There’s an episode of To the Best of Our Knowledge (a program I recommend) on “Radical Gardening.” It’s hard to imagine any kind of gardening as being radical.
One of the segments was about Richard Reynolds and the “guerrilla gardening” movement which I wrote about here years ago. He talks about his adventures as a guerrilla gardener – someone who tends and plants on someone else’s land. It’s illegal, and yet, I don’t think most people would object to it in the vast majority of cases. It’s the abandoned lot that gets cleaned up and filled with flowers. It’s the ugly roadside that gets covered with native wildflowers. Reynolds is the author of On Guerrilla Gardening: A Handbook for Gardening Without Boundaries.
May first is celebrated by guerilla gardeners as International Sunflower Guerrilla Gardening Day dedicated to sowing sunflowers in your neighborhood.

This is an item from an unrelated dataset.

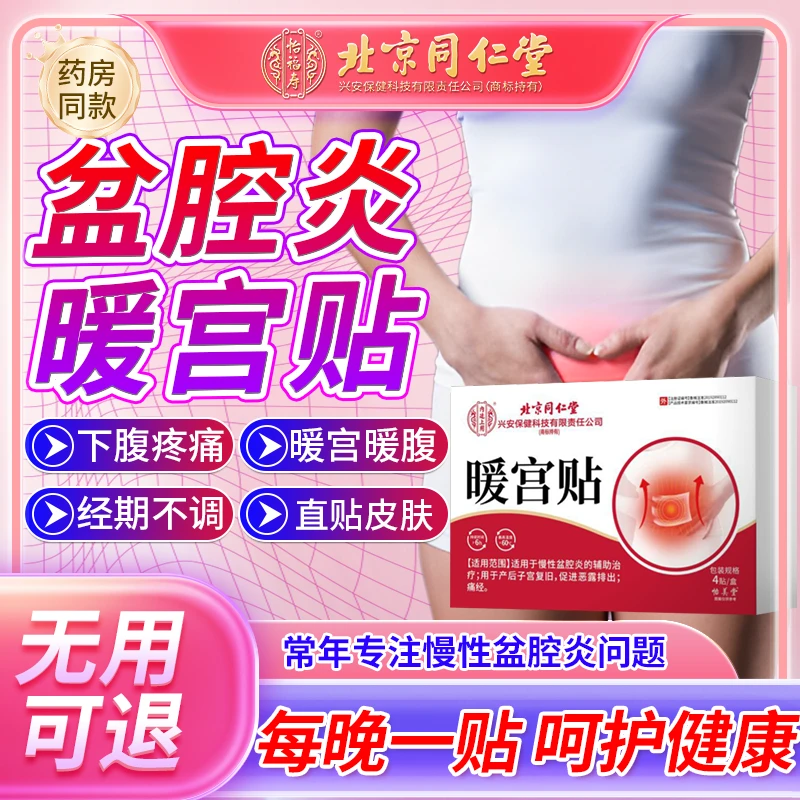 内廷上用暖宫贴盆腔炎非中药热敷贴下腹疼痛调经贴盆腔炎膏贴医用非泡脚药包盆腔炎腰痛膏贴慢性盆腔炎暖宫贴妇科盆腔积液专用贴Q2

I like all the suggestions and plans people have posted on their website about creating “seed bombs.” Those are good bombs made of seeds, soil, fertilizer, water and such which you can hurl over that chain link fence into that ugly abandoned lot.

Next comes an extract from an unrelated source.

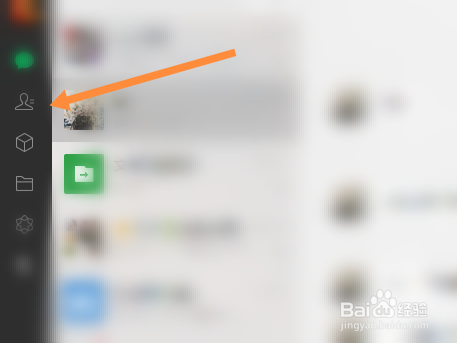 怎么删掉微信联系人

Another guest on that episode is James William Gibson who wrote A Reenchanted World: The Quest for a New Kinship with Nature which examines the ways that people are looking to reconnect with the natural world. That includes the desire to protect rather than exploit it.
If you associate guerrilla and bombs with war and terrorism, then guerrilla gardening and seed bombs are excellent alternatives. If you associate enchantment with wizards and magic, then a re-enchantment with the natural world is also a friendly approach.